Médecine. Volume 4, Numéro 1, 4-5, Janvier 2008, Editorial

DOI : 10.1684/med.2008.0218

Résumé  

Auteur(s) : Pierre Gallois , Président-fondateur de l'Unaformec.

Résumé : Dans les 50 dernières années, le système de soins a subi une transformation rapide liée à une double évolution technologique et sociologique : part croissante des techniques au niveau diagnostique et thérapeutique avec la spécialisation des médecins qui en résulte \; part croissante du patient dans les décisions qui le concernent, dans un contexte de surmédiatisation des innovations technologiques.

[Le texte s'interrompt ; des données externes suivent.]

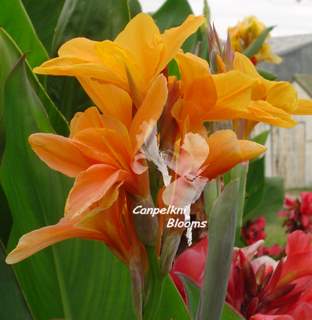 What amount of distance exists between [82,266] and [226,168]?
14 cm

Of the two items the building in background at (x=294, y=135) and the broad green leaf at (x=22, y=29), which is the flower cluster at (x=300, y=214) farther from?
the building in background at (x=294, y=135)

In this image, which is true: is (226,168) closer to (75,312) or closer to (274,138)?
(75,312)

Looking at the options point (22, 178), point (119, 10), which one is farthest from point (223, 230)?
point (119, 10)

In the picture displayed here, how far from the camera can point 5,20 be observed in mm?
463

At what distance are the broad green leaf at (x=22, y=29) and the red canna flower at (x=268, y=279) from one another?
16 centimetres

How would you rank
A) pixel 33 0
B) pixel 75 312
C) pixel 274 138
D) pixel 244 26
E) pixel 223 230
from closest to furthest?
1. pixel 223 230
2. pixel 75 312
3. pixel 33 0
4. pixel 244 26
5. pixel 274 138

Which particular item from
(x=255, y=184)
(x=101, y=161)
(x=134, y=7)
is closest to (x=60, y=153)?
(x=101, y=161)

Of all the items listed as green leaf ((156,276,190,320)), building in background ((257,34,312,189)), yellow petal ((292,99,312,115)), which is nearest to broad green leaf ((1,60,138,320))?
green leaf ((156,276,190,320))

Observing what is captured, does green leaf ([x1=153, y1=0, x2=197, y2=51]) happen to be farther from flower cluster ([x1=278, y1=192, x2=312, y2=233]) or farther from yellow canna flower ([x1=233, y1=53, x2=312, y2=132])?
flower cluster ([x1=278, y1=192, x2=312, y2=233])

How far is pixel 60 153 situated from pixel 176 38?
2.6 inches

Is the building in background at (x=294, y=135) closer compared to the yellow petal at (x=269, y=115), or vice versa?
the yellow petal at (x=269, y=115)

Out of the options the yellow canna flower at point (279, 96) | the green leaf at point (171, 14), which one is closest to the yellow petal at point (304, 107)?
the yellow canna flower at point (279, 96)

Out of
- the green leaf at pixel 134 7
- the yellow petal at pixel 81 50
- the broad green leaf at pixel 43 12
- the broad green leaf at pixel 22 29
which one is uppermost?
the green leaf at pixel 134 7

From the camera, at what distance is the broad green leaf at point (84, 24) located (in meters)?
0.47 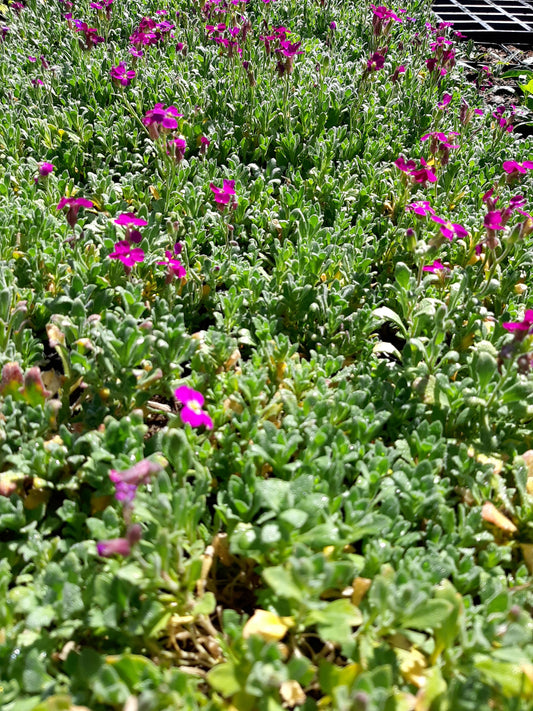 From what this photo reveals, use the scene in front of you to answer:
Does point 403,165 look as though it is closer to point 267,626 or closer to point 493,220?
point 493,220

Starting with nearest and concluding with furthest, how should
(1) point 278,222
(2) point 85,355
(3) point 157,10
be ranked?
(2) point 85,355
(1) point 278,222
(3) point 157,10

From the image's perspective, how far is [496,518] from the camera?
1893mm

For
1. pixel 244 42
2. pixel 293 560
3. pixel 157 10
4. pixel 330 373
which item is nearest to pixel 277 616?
pixel 293 560

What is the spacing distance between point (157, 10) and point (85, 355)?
4868 mm

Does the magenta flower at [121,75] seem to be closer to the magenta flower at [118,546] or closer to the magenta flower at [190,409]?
the magenta flower at [190,409]

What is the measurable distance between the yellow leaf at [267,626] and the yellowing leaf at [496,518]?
2.33 ft

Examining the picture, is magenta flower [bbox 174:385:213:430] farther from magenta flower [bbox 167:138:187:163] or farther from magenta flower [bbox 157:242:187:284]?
magenta flower [bbox 167:138:187:163]

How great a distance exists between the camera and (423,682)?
154 cm

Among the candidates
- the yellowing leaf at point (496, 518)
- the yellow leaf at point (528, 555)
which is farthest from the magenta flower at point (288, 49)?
the yellow leaf at point (528, 555)

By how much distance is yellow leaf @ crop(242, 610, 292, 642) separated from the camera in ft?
5.07

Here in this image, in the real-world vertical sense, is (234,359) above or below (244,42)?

Il en est résulté une désaffection croissante vis-à-vis de la médecine générale : les patients, fascinés par les prouesses technologiques et la croyance que la science a réponse à tout, ont de plus en plus tendance à consulter directement un spécialiste \; les étudiants formés essentiellement dans un milieu hospitalier en général spécialisé, et ayant eu bien souvent une présentation dévalorisante de la médecine générale, choisissent de moins en moins cet exercice [1, 2]. Cette désaffection est retrouvée aussi bien en France qu'aux USA où la crise est grave : entre 1997 et 2005, le nombre de résidents qui ont choisi la médecine générale a chuté de 50 % [3]... C'est aussi le cas dans d'autres pays occidentaux, Suisse, Royaume Uni par exemple, dans des proportions variables.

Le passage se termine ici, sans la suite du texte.